Another cost that can be directly traced to fragmentation is that of help desk calls. A help desk call means that a valuable IT employee must stop whatever he or she is doing and immediately assist a user. Performance is a top item for help desk calls, and a prime suspect in performance troubles is fragmentation.

A third way that fragmentation impacts TCO is in the toll on hard drives. Because it requires greatly increased I/O traffic to pull together all the fragments of a file, a hard drive takes more than expected punishment. Expected disk drive life–figured into TCO–can be shorted by a third or even by half.

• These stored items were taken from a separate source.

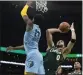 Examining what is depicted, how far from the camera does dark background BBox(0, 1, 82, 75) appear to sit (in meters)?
10.7

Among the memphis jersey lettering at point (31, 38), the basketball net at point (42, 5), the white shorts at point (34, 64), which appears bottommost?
the white shorts at point (34, 64)

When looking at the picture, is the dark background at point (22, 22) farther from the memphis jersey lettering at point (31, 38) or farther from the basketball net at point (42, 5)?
the memphis jersey lettering at point (31, 38)

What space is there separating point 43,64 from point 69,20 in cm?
636

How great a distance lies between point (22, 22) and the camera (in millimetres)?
11008

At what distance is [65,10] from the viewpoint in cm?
1135

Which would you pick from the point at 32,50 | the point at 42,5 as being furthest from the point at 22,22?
the point at 32,50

Interestingly, many sites have crossed fragmentation off their lists of performance threats due to the implementation of scheduled defragmentation. But a closer analysis will reveal that scheduled defrag –now outmoded–is allowing fragmentation to still have a negative affect on TCO. Because file sizes and disk capacities have grown so dramatically, fragmentation continues to build in between scheduled defrag runs. And in the case of very large disks, defrag may not be occurring at all.

Scheduled defrag is also having a negative impact on TCO through the amount of IT hours it takes to analyze and schedule it.

Currently the only truly cost-effective defragmenter is the completely automatic solution provided by Diskeeper Corporation. Utilizing a proprietary technology called InvisiTasking, Diskeeper defragments invisibly, in the background, whenever otherwise-idle resources are available. Performance is always maintained at maximum. And since scheduling is not required at all, precious IT hours can be spent on higher-priority projects.

Diskeeper implemented across an entire enterprise means that performance, help desk calls, hard drive life and IT hours are once again restored to their rightful places and cost-effectiveness in the TCO of a computer system.